In the end, at least from a gastronomic point of view, I guess I did discover where the diamonds dwell.
[Recipe after the jump]
Tips for Frying “Los Diamantes” Style in Olive Oil + Batter Recipe
Since that lunch at Los Diamantes, whenever I fry at home I use olive oil. I’ve experimented with both pure and extra virgin and, thankfully, found that the less expensive, more refined pure olive oil produces better results. The extra virgin is too viscous. I buy 3-litre cans of Ybarra olive oil, which is pressed from olives grown in Andalucía, but any pure olive oil works well. The cheaper the better, because I’ve found you can only fry in olive oil once. It breaks down and doesn’t keep as well as other frying oils. I fill my pot (cast iron is best) about one third full to a depth of 1.5 inches (4 cm), using about 4-5 cups. I’ve achieved best results frying at a slightly lower temperature than I would use with other oils, at about 360˚ Fahrenheit (180˚ Celsius), a tip which I learned from Janet Mendel’s My Kitchen in Spain, an excellent introduction to Spanish cuisine.

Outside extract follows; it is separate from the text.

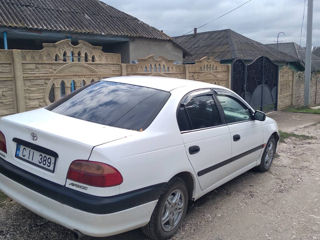 Toyota Avensis foto 2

I get great results with the following batter recipe, which is basically a tempura batter. Although it’s probably different than the one the restaurant uses, I get results identical to the ones achieved on the eggplant slices at Los Diamantes. It’s important to use a flour with a higher starch content, because the starch is what caramelizes when it comes into contact with the oil. I recommend a proportion of 4 parts cake flour to 1 part cornstarch. If you use all-purpose flour, increase the proportion of cornstarch somewhat. The other keys are to mix the batter at the last minute, to keep it ice cold (suspend one bowl inside another filled with ice), and to mix the flour and water just lightly with a fork. The lumpy, relatively unmixed bits of batter will then be reincarnated into tasty crunchy fried bits of love -- some consider these the best part!
Because I’ve grown up eating tempura and frying Italian-style fritto misto in the restaurants where I’ve cooked, I tend to combine veggies with my fish in my fritura (which will also make an occasional appearance at Olallie). The most recent version I made, pictured at the opening of this post, consisted of smelt, kabocha squash, onion rings, thinly sliced Meyer lemons, and capers (capers not battered). The smelts which are now available in the Bay Area come from Maine (I bought mine at Monterey Fish Market in Berkeley), but a local variety is also sometimes available. The smelt, similar in size but milder than a sardine, is especially well-suited to frying, because its bones essentially melt when heated. You can eat the entire fish, bones and all. Smelts are very popular in France, where they're called éperlans, but I never saw them served in Spain. You can fry many kinds of fish and vegetables in this batter, so let your imagination run wild.
1 c cake flour
1/4 c cornstarch
1/2 t sea salt
1-1/3 c sparkling water
Mix dry ingredients in a bowl. When oil has reached desired temperature (360 degrees if using pure olive oil), gradually add water to the dry ingredients, lightly stirring with back of a fork (fork turned backwards). Batter will be lumpy, but that is desired (see above). Batter should be the consistency of heavy cream. Fry a test piece. If batter seems too thin, add more flour. If too thick, add water.
Fry food in batches so as not to crowd the pan. Drain on paper towels (or a brown paper bag) and season with fine sea salt.